Jon Sindreu, The Wall Street Journal
Caterpillars
The emergence of the Brood X cicadas every 17 years has fascinating reverberations across the ecosystems they’re born into, and a new study shows that one reverberation is that their emergence spares the lives of countless caterpillars, who go on to chow down on oak trees at a higher-than-typical rate. In 2021, researchers found that at least 82 bird species ate the cicadas, which are easy to catch and downright voluminous. The researcher glued clay caterpillars to trees to measure how often birds tried to eat them, and in the year before Brood X about 25 percent of fake caterpillars were pecked in a given week. But in 2021, when the smorgasbord of cicadas emerged, that figure dropped to just under 10 percent, and then by August when the cicada brood died out those levels returned to 25 percent. However, the months that the caterpillars were spared led to higher survivability — 13 percent made it to the third larval instar rather than the typical 1 percent — and ate way more oak leaves than usual.

Satellite
A new NOAA study published in PNAS sought to figure out why exactly there were a number of unexpected elements like niobium and hafnium embedded in particles of sulfuric acid in the stratosphere above the Arctic. These are incredibly rare elements, so it was a shock to find them in the upper atmosphere. The thing is, they’re rare in the world in general, but they are very commonly used in semiconductors, in rocket chambers, and in spacecraft manufacturing. When spacecraft are deorbited, they often burn up in the atmosphere, and the new study argues that in the process they’re leaving a lot of those weird metals — in addition to other elements like aluminum, lithium, copper and lead — in the stratosphere. An estimated 10 percent of sulfuric acid particles had trace metals they could attribute to spacecraft reentry, but that figure could rise to 50 percent or more given the increase in satellite launches.

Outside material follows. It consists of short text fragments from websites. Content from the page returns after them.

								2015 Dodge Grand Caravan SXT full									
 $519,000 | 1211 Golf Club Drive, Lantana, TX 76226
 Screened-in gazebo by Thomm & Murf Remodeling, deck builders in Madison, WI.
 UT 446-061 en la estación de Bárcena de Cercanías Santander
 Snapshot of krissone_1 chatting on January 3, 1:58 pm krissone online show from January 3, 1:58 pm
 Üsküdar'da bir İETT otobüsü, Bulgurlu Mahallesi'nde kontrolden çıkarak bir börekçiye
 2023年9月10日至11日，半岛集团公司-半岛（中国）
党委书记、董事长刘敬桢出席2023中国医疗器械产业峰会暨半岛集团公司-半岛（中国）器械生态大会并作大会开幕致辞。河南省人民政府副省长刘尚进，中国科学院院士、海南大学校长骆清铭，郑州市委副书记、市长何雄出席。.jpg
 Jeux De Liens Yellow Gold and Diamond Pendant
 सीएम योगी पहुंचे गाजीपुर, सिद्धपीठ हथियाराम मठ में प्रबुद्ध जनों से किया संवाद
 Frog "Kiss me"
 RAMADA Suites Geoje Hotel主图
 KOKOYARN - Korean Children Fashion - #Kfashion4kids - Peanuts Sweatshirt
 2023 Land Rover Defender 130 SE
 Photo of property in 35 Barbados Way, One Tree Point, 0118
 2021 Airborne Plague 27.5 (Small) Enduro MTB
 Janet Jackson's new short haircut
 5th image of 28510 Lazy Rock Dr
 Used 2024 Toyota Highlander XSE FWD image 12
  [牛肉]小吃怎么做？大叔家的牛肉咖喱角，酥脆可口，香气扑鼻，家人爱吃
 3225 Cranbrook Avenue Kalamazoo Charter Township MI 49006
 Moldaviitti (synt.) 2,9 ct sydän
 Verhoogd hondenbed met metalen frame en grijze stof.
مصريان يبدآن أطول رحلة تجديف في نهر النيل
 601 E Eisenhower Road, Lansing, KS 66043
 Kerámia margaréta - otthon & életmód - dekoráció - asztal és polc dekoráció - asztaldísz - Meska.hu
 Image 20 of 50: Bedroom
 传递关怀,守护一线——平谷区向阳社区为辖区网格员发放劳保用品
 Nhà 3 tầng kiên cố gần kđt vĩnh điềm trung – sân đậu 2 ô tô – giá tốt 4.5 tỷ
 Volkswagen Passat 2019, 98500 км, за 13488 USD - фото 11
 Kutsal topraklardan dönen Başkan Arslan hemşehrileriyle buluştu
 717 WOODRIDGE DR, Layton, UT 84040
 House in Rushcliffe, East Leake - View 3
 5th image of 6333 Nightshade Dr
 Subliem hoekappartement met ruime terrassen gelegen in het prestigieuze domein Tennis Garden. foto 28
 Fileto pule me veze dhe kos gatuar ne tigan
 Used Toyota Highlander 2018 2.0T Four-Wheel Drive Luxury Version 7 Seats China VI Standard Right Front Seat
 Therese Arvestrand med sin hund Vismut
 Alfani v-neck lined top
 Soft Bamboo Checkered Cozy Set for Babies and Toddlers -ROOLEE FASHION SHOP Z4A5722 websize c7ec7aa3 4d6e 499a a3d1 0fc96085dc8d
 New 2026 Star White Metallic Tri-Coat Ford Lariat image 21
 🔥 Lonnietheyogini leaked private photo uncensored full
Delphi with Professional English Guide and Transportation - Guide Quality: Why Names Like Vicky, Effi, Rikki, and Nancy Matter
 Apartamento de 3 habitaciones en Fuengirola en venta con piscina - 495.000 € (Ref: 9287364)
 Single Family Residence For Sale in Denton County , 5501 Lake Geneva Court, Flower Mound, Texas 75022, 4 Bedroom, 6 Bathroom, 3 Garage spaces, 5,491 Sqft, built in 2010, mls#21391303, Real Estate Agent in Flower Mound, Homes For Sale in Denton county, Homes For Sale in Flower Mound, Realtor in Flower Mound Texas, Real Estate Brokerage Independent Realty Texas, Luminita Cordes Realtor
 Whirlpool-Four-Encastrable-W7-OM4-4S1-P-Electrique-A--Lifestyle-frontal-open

Erin Blakemore, The Washington Post
Q-Day
Quantum computing is still in its infancy, with the most powerful quantum device using 433 qubits, which is the quantum equivalent of a transistor. That’s going to rise, and there’s a fear that at some point on a day referred to as Q-Day a quantum computer would be able to solve the math problems that, owing to their current unsolvability, today serve as the bedrock of all encryption. A sufficiently powerful quantum computer — which might need tens of thousands or even millions of qubits — could conceivably render all currently encrypted data breached. In 2016, the National Institute of Standards and Technology received 82 submissions from the international community of cryptographers of new, quantum-resistant cryptographic algorithms. The NIST hopes to migrate as much of the federal government as possible to these algorithms by 2035, but that’s ambitious.